Sunday, January 17, 2010

Rotation



Wolfgang Staudte's next film was Rotation. It was extremely popular in Germany- many filmgoers felt that it mirrored their experiences under the Nazi regime. It, too, has expressionistic design elements. Staudte uses two flashbacks to show the action (it's not confusing, amazingly). It's the story of a family, the Behnkes, living through the inflation and unemployment of the 1920s, the rise of Nazism and World War II in Berlin. Like Rossellini, Staudte's theme is fathers and sons, though Staudte's take is much more hopeful. And his attention to detail is remarkable. In one scene in a streetcar tunnel, not only are there average Joes hiding from the bombing, but a mini-infirmary with patients, two women with their dogs (a poodle and a Great Dane) and a woman with a baby.
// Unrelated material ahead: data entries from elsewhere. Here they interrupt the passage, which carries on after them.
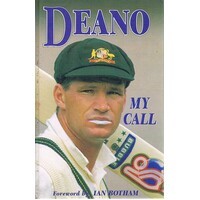 Deano. My Call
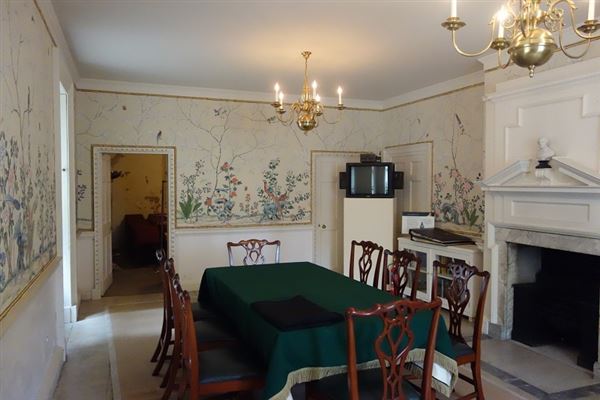 Marble Hill House (01/05/2019)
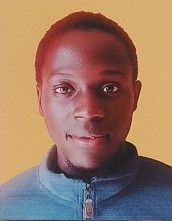 OGAMBA CHRISTOPHER current passport photograph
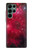 S3368 Zodiac Red Galaxy Case For Samsung Galaxy S22 Ultra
When the tunnel starts to flood (the army has insisted on blowing up the bridge overhead), you know that those that the camera has dwelled on, aren't going to make it out. The Behnkes' son Helmut, thoroughly indoctrinated in Hitler Youth by his father, turns in both his mother's brother and his father in to the Gestapo. The uncle is murdered in Oranienburg; the father languishes in Moabit prison, and is released in the nick of time by Soviet soldiers. After the surrender, Helmut visits his father (his mother has died in the bombing) and receives his forgiveness. The end of the film is exactly like the beginning of the flashback, but it's Helmut and his girlfriend Inge meeting at the railway siding, just as his parents did 20 years earlier.
I particularly liked Staudte's music choices. The courting couple listens to "Valencia" on their Victrola, and at the wedding reception, the bride's Communist brother serenades the couple with both "What Keeps a Man Alive?" and "Who Knows How to Make Love Stay" from the then-new "Threepenny Opera."